How it is administered
Lenalidomide is taken by mouth as a capsule. It is available in several strengths, including 2.5 mg, 5 mg, 10 mg, 15 mg, 20 mg, and 25 mg. The capsules should be swallowed whole with water, at about the same time each day, and can be taken with or without food. The capsules should not be opened, broken, or chewed.
How it works
Lenalidomide is a thalidomide analogue with immunomodulatory, antiangiogenic, and antineoplastic properties. It works by targeting a protein called cereblon, which is part of an enzyme complex in cells. When lenalidomide binds to cereblon, it causes the breakdown of specific proteins that are important for the survival of certain cancer cells. This leads to the death of these cancer cells (apoptosis) and stops them from multiplying.

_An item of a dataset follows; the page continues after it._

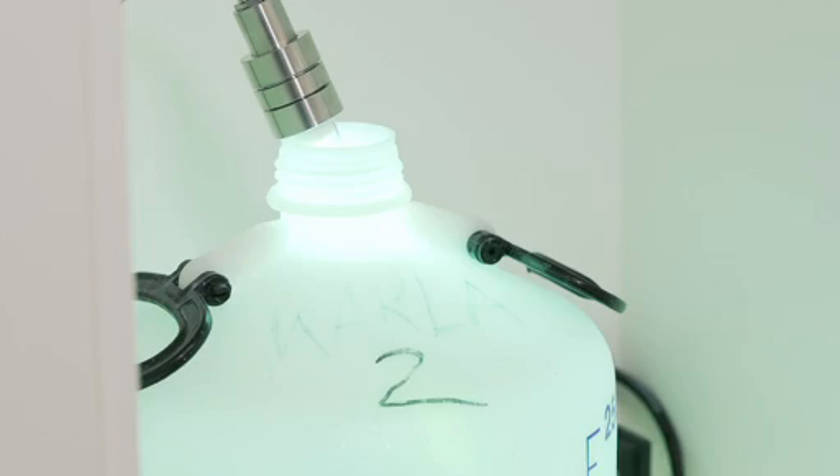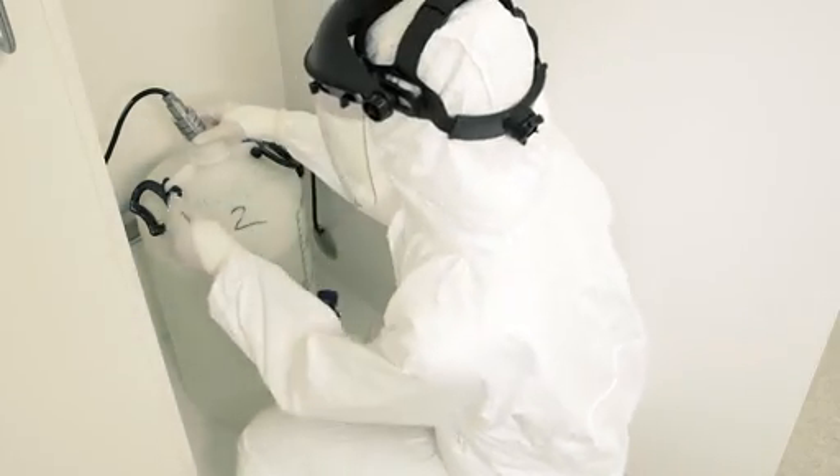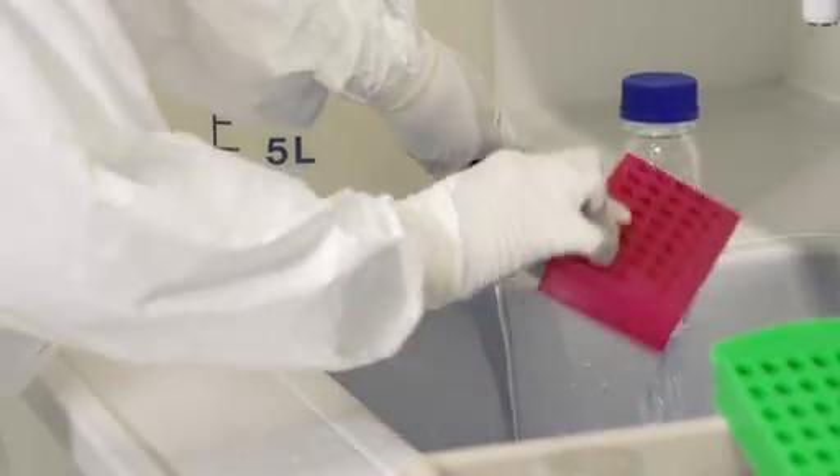Cleaning is the most important part of working in an ancient DNA laboratory. We even have a waterproof UV bulb to irradiate our cleaning water. We have two rooms dedicated to cleaning our utensils, like racks and bottles.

Lenalidomide also boosts the immune system by increasing the number and activity of T cells and natural killer (NK) cells, which help the body attack cancer cells. It can also reduce the production of inflammatory substances in the body. In multiple myeloma, lenalidomide is often combined with dexamethasone to enhance its effects. In some lymphomas, it is used with rituximab to improve outcomes.
Common side effects
- Diarrhea
- Fatigue
- Anemia (low red blood cells)
- Constipation
- Neutropenia (low white blood cells)
- Leukopenia (low white blood cells)
- Peripheral edema (swelling)
- Insomnia
- Muscle cramps or spasms
- Abdominal pain
- Back pain
- Nausea
- Weakness (asthenia)
- Fever (pyrexia)
- Upper respiratory tract infection
- Bronchitis
- Nasopharyngitis (cold symptoms)
- Gastroenteritis
- Cough
- Rash
- Shortness of breath (dyspnea)
- Dizziness
- Decreased appetite
- Thrombocytopenia (low platelets)
- Tremor
Serious side effects can include blood clots, severe skin reactions, liver problems, and increased risk of other cancers. Frequent blood tests are needed to monitor for these side effects.
Who Should take it
Lenalidomide is used for adults with certain blood cancers:
- Multiple myeloma (MM), in combination with dexamethasone, or as maintenance therapy after autologous stem cell transplant.
- Transfusion-dependent anemia due to low- or intermediate-1-risk myelodysplastic syndromes (MDS) with a deletion 5q abnormality.
- Mantle cell lymphoma (MCL) that has relapsed or progressed after at least two prior therapies (one including bortezomib).
- Previously treated follicular lymphoma (FL) or marginal zone lymphoma (MZL), in combination with rituximab.
Your doctor will determine if lenalidomide is appropriate for you based on your specific diagnosis and prior treatments.
Who should not take it
Lenalidomide should NOT be taken by:
- Women who are pregnant, as it can cause severe birth defects or death to an unborn baby.
- People with a history of severe allergic reactions to lenalidomide (such as angioedema, Stevens-Johnson syndrome, or toxic epidermal necrolysis).
Special precautions and a Risk Evaluation and Mitigation Strategy (REMS) program are in place to prevent fetal exposure. Women of childbearing potential must use two forms of contraception and have regular pregnancy tests. Men taking lenalidomide must use condoms during sexual contact with women who can become pregnant and must not donate sperm.
Commonly used with
Lenalidomide is commonly used with:
- Dexamethasone (for multiple myeloma)
- Rituximab (for follicular lymphoma and marginal zone lymphoma)
In some cases, it may also be used after autologous stem cell transplantation as a single agent for maintenance therapy. Your doctor may prescribe other supportive medications to reduce the risk of blood clots or infections.
Commonly tested with
Lenalidomide has been tested in combination with:
- Dexamethasone (especially in multiple myeloma)
- Rituximab (in follicular lymphoma and marginal zone lymphoma)
- Bortezomib (in mantle cell lymphoma, as a prior therapy)
It has also been studied with other agents in clinical trials for various blood cancers. Your treatment plan may include additional medications based on your specific condition and response to therapy.